Tag Archive for: Self-Hosted Runner

This is the second part of How Golioth uses Hardware-in-the-Loop (HIL) Testing. In the first part, I covered what HIL testing is, why we use it at Golioth, and provided a high-level view of the system.

In this post, I’ll talk about each step we took to set up our HIL. It’s my belief that HIL testing should be a part of any firmware testing strategy, and my goal with this post is to show you that it’s not so difficult to get a minimum viable HIL set up within one week.

The Big Pieces

To recap, this is the system block diagram presented at the end of part 1:

The Raspberry Pi acts as a GitHub Actions Self-Hosted Runner which communicates with microcontroller devices via USB-to-serial adapters.
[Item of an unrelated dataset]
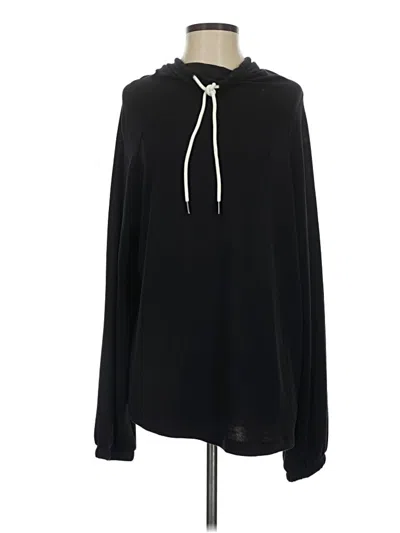 Pre-owned Peace Love World Pullover Hoodie In Black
The major software pieces required are:

  • Firmware with Built-In-Test Capabilities – Runs tests on the device (e.g. ESP32-S3-DevKitC), and reports pass/fail for each test over serial.
  • Python Test Runner Script – Initiates tests and checks serial output from device. Runs on the self-hosted runner (e.g. Raspberry Pi).
  • GitHub Actions Workflow – Initiates the python test runner and reports results to GitHub. Runs on the self-hosted runner.

Firmware Built-In-Test

To test our SDK, we use a special build of firmware which exposes commands over a shell/CLI interface. There is a command named built_in_test which runs a suite of tests in firmware:

esp32> built_in_test
...
12 Tests 0 Failures 0 Ignored 
../main/app_main.c:371:test_connects_to_wifi:PASS
../main/app_main.c:378:test_golioth_client_create:PASS
../main/app_main.c:379:test_connects_to_golioth:PASS
../main/app_main.c:381:test_lightdb_set_get_sync:PASS
../main/app_main.c:382:test_lightdb_set_get_async:PASS
../main/app_main.c:383:test_lightdb_observation:PASS
../main/app_main.c:384:test_golioth_client_heap_usage:PASS
../main/app_main.c:385:test_request_dropped_if_client_not_running:PASS
../main/app_main.c:386:test_lightdb_error_if_path_not_found:PASS
../main/app_main.c:387:test_request_timeout_if_packets_dropped:PASS
../main/app_main.c:388:test_client_task_stack_min_remaining:PASS
../main/app_main.c:389:test_client_destroy_and_no_memory_leaks:PASS

These tests cover major functionality of the SDK, including connecting to Golioth servers, and sending/receiving CoAP messages. There are also a couple of tests to verify that stack and heap usage are within allowed limits, and that there are no detected memory leaks.

Here’s an example of one of the tests that runs on the device, test_connects_to_golioth:

#include "unity.h"
#include "golioth.h"

static golioth_client_t _client;
static SemaphoreHandle_t _connected_sem;

static void on_client_event(golioth_client_t client, 
                            golioth_client_event_t event, 
                            void* arg) {
    if (event == GOLIOTH_CLIENT_EVENT_CONNECTED) {
        xSemaphoreGive(_connected_sem);
    }
}

static void test_connects_to_golioth(void) {
    TEST_ASSERT_NOT_NULL(_client);
    TEST_ASSERT_EQUAL(GOLIOTH_OK, golioth_client_start(_client));
    TEST_ASSERT_EQUAL(pdTRUE, xSemaphoreTake(_connected_sem, 10000 / portTICK_PERIOD_MS));
}

This test attempts to connect to Golioth servers. If it connects, a semaphore is given which the test waits on for up to 10 seconds (or else the test fails). For such a simple test, it covers a large portion of our SDK, including the network stack (WiFi/IP/UDP), security (DTLS), and CoAP Rx/Tx.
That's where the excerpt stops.